Ilford HP5 works well I think you can still buy Tri X Pan its just expired stock.


----------



## SamSpade1941

Kodak Ektar 100 was  good for color film


----------



## ann

another vote for ILford, hp5+, don't shoot color so I can't suggest anything


----------



## JAC526

For color I've used Fuji 400H Pro.

For black and white I've used Fuji Neopan 400.

I've liked both quite a bit.


----------



## Corto

If you don't develop yourself and need to have it done locally I suggest you try C-41 B&W films like Kodak BW400CN Professional ISO 400 or Ilford XP-2 Super 400.

These can be developed by any regular 1hr photo lab. 

For Color? Nothing wrong with any Fuji or Kodak offerings. 

Just choose a Speed that works for the kind of light you like to work in.


----------



## timor

Corto said:


> If you don't develop yourself and need to have it done locally I suggest you try C-41 B&W films like Kodak BW400CN Professional ISO 400 or Ilford XP-2 Super 400.
> 
> These can be developed by any regular 1hr photo lab.


Thumbs up. A very good choice for someone with no darkroom


----------



## Fred Berg

I agree that Kodak BW400CN is a good choice; I also like the T-Max films from kodak as far as B&W is concerned.

I use Farbwelt from Kodak, which could be something like Gold or Ultramax I think, and especially like the pastel hues of the DIN 27 variant.

Ektar from Kodak is also very nice.

Fuji Superia DIN 24, 27 and 30 are all very good.

Agfa Vista DIN 24 is nice, although I find the colours are a bit subdued and this might not be for everyone. It is also available in DIN 27 but I haven't tried it myself.

Agfa APX DIN 21 is OK as far as B&W goes and Agfa Precisa is very nice if you want to try slide film (I find Kodak  Elite Chrome a touch to warm).

Don't be put off trying non-branded films either. These are often very good. Looking on the box to see where it was made will give you an idea which maker is behind it: made in Japan = Agfa or Fuji, made in USA = Kodak, etc. The little plastic tubes that the films are in are very distinguishing and a dead giveaway on this point. It may not be the makers' best films, but at a few cents a roll they're worth trying out.


----------



## Sw1tchFX

gryffinwings said:


> Looking for some recommendations on 35mm film for color and B&W.
> 
> I'm currently using Fujifilm 200 film that I got at walmart recently, but I don't know how good it is. I can get Kodak Gold 200 at Target. I can get 400 and 800 also for both brands if I needed to. That's for color anyways.
> 
> For B&W film, I have no idea what to get or what to use. Recommendations and more information on this would be really helpful.
> 
> Thanks.



I shoot film professionally...so learn from my experience!
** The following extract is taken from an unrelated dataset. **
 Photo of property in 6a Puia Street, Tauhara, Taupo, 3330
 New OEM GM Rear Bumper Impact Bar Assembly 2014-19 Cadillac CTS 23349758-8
*Fuji Superia 200 is easily absolutely the worst color film i've ever seen or used in my life. by a long shot. *

_Kodak Gold isn't much better_..it's better, but _not_ _by much._



The color neg films to shoot that make you go "wow, I really like film" are:

-Ektar 100
-Portra 160 and 400
-Fuji 400H (shot at around ISO 100)
-Ilford XP2/Kodak BW400CN



Need ISO 800 or 1600? push Portra 400. 
Fuji 400H cross-contaminates beautifully and gives you perfect pastel tones. 
Ektar 100 blows up contrast and color..incredible grain. 
BW400CN blocks up blacks better than anything..LOVE IT. 
I'd rather shoot XP2 over Tri-X or TMAX any day of the week..phenomenal skin tones. 


If you're intending on scanning images..DON'T shoot real B&W..scans like sh*t compared to color neg B&W. 
If you're intending on printing in a darkroom..DON'T shoot XP2 or BW400CN..they print like sh*t compared to real B&W.

The only real B&W film I ever shoot anymore is Delta 3200. And that's because it's grain is gorgeous and it can be shot with impunity between 400 and 1600. 


The Superia 200 you picked up at walmart:










Total crap film.










What Real film looks like....



Ektar 100:





Fuji 400H:





XP2:





Portra 160:





Delta 3200:






Oh, and along with shooting real film...send it to a real lab like Richard Photo Lab. Otherwise your film is almost guaranteed to look like crap and you'll just keep faking it with digital.


----------



## Fred Berg

Taken in January with Fuji Superia 200













These are the scans made by the lab, no editing except to resize them for posting. I find this film is quite nice.


----------



## Corto

"If you're intending on scanning images..DON'T shoot real B&W..scans like sh*t compared to color neg B&W."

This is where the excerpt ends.